The shower is a 900 X 900 corner using a Universal Shower Base with centre waste.
I've replaced the timber floor with Scyon Secura. 
I'll be using 600 x 600 porcelain tiles which will be cut to suit the shower base as shown
in the attached picture to follow the fall in the base(450 mm give or take a bit for wall 
sheeting in the shower area). 
My questions are: 
1. If I position the waterstop angle flush with the tiles as shown in the diagram in red,
   will this meet the requirements of the standard seeing as the shower screen is within
   the waterstop boundary.

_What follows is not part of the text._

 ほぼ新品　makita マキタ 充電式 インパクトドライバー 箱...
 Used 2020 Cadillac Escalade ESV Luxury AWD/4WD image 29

Or, is it compulsory to have the angle directly under or right
   beside the shower screen glass? 
2. The ensuite has a ducted heating floor vent about 700mm from the shower door.
   What are the waterproofing requirements for this given that it is at floor level?
   I'm assuming the boot would extend above the scyon flooring to just below finished 
   tile height then caulked with sikaflex and waterproofing membrane up the side.
   Is that correct?

----------


## Oldsaltoz

Hi Kenny,  
The heater duct will need a water stop angle all the way around it, preferably above the tile surface to prevent surface water from getting in. 
The shower door should be fitted with a flexible seal. Check out your local tile shop or the big green shed. 
Good luck and fair winds.  :Smilie:

----------


## KennyBoy

Thanks for the info Oldsaltoz.

----------


## Oldsaltoz

[QUOTE=KennyBoy;1079276]Hello all, 
The shower is a 900 X 900 corner using a Universal Shower Base. 
I'll be using 600 x 600 porcelain tiles which will be cut to suit the shower base as shown
in the attached picture to follow the fall in the base(450 mm give or take a bit for wall 
sheeting in the shower area). 
My questions are: 
1. If I position the water stop angle flush with the tiles as shown in the diagram in red,
will this meet the requirements of the standard seeing as the shower screen is within
the water stop boundary? Or, is it compulsory to have the angle directly under or right
beside the shower screen glass?  The Waterstop angle for the shower should be above the tiles and outside the glass. This ensures no water escapes the shower.  If you installed the angles as shown in the drawings you will most likely end up with a smelly shower due to water lying under tiles with poor drainage.  The ensuite has a ducted heating floor vent about 700mm from the shower door.
What are the waterproofing requirements for this given that it is at floor level?
I'm assuming the boot would extend above the scyon flooring to just below finished 
tile height then caulked with Sikaflex and waterproofing membrane up the side.
Is that correct?  The duct should have a water stop angle around it and finish 5 to 10mm above the finished tile height (as should the shower.) You can use a white plastic angle
available in most hardware shops for this, easy to cut to the required hight if needed after tiling.

----------